[Opening Supplied records section]

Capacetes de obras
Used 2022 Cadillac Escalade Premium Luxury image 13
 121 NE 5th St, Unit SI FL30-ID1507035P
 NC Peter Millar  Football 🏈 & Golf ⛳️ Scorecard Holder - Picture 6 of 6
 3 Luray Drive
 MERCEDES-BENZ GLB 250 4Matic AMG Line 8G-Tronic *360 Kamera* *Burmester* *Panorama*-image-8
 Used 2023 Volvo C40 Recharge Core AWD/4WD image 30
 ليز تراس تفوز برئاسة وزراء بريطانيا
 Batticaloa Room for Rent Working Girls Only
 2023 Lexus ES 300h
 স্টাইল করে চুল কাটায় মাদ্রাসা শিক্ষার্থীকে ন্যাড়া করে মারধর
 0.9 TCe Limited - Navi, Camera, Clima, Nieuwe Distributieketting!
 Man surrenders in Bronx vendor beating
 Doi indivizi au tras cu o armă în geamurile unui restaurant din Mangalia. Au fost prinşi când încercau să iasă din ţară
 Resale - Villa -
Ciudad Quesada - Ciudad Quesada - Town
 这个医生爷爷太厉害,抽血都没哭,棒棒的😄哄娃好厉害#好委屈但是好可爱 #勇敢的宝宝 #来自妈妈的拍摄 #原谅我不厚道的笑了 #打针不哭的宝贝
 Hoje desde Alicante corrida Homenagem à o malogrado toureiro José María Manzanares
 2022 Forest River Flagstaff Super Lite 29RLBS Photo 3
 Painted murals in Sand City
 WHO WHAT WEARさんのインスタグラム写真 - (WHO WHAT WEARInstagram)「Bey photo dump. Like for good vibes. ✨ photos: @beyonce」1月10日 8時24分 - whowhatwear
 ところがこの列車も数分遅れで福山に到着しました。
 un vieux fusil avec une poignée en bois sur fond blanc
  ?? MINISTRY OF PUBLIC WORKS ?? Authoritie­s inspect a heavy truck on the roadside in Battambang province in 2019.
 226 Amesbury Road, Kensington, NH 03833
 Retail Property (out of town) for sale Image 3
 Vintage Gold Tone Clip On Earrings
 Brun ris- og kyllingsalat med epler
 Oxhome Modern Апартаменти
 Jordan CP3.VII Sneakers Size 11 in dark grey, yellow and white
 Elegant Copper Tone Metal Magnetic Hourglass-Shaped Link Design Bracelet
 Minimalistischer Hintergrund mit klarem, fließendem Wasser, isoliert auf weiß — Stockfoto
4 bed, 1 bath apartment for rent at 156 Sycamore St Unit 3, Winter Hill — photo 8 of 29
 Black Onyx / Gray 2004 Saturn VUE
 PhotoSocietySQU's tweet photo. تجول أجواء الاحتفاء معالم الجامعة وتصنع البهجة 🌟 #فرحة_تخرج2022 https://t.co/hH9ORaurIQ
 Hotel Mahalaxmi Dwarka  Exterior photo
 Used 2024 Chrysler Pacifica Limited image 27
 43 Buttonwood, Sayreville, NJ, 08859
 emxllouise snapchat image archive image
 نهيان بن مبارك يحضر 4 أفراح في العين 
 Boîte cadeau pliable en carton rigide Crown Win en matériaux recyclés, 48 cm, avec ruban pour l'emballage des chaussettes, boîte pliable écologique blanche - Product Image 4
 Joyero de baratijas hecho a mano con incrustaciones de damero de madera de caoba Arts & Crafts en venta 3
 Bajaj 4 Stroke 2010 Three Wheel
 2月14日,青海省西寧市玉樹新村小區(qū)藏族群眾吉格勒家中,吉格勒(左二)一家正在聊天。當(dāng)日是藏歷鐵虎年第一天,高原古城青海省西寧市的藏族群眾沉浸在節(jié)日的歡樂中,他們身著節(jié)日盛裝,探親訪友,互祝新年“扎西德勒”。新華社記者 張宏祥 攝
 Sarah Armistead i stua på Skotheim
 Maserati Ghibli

[Closing Supplied records section]

▶ Brief
In the records, which lines mention the word "Unit"? Copy those lines.

▶ Written answer
 121 NE 5th St, Unit SI FL30-ID1507035P
4 bed, 1 bath apartment for rent at 156 Sycamore St Unit 3, Winter Hill — photo 8 of 29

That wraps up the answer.